Things helping us get by…
Coffee | Grandmas | Baby bath time | Netflix | the Rock N Play | …Coffee
She is not even a month old….your jeans are NOT going to fit yet. But the rest sounds very familiar. Except I’ve never owned TB flats. Hang in there. It does get easier. Eventually….love you both!
Hang in there Mama, I’m sure you are doing an amazing job and everyone says the first few months are the hardest! But in all seriousness, I’m about to be right there with you so we can text in the middle of the night while we are feeding/pumping and everything in between!
Call me when you want to bitch – we all feel that way, one time or another. The lack of sleep sucks. Give it another few months and she’ll be sleeping through the night (at least til 7 am).
I was convinced everyone was a big fat liar when they told me it would get it easier. There was no light at the end of my tunnel. Sure, there was joy, sporadically, and I certainly wouldn’t have considered myself to have had post partum depression, but I remember thinking that this new miserable life of no sleep and dirty diapers and painful nursing was my new existence and I just needed to accept it.
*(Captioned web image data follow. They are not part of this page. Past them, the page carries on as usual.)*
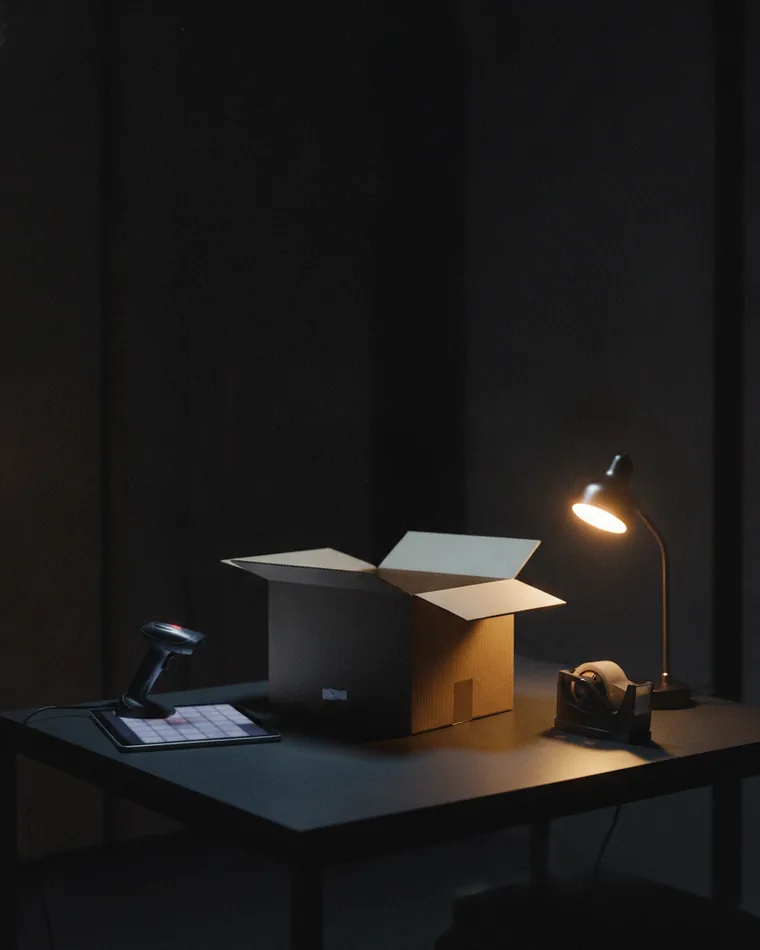 An open parcel, a barcode scanner and a tablet on a dark packing counter under one warm lamp.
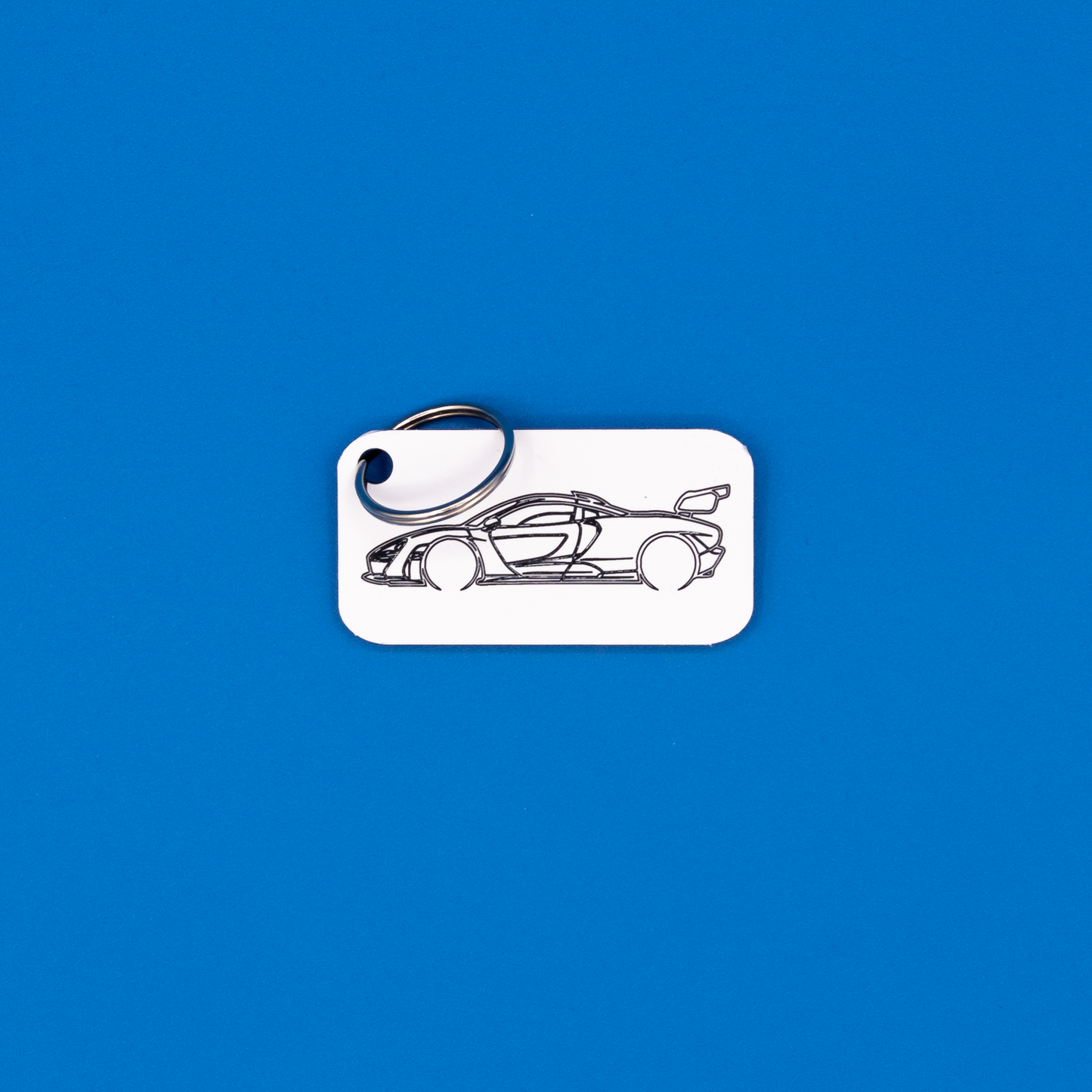 McLaren Senna Acrylic Keychain in white with classic key ring.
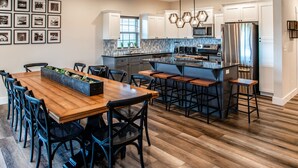 A modern kitchen with white cabinets, a central island, bar stools, and a dining area with a wooden table and chairs. - Reunion Lodges at Thousand Hills (Branson)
I remember going back to bed one time after a night of cluster feeding and my husband asked me if I was ok. I responded, “No. I’m dying.” And I really thought I was. I thought this was it. This is what it feels like to slowly die a slow, torturous, sleepless, fat death. I can look back now and see how melodramatic I was being. But at the time, all I could see were the minutes ticking oh so slowly by at 2:00 am. 3:30 am, 3:31, 3:32, 3:33, 5 am… But, then one day, it did get better. And I realized not everyone I knew was lying to me. They were right. Of course they were. But what did help me a LOT was the book 12 hours sleep by 12 weeks old. It was a godsend. When Nora was 8-12 weeks old, I devoted those four weeks of my life to getting her to sleep. It was literally all I did for four weeks straight. But, in the end it worked. I got my sleep back. And she is still a great sleeper. And I’m a better mother for it. I also eventually quit breastfeeding but that is another (guilt-ridden and expensive) story for another day.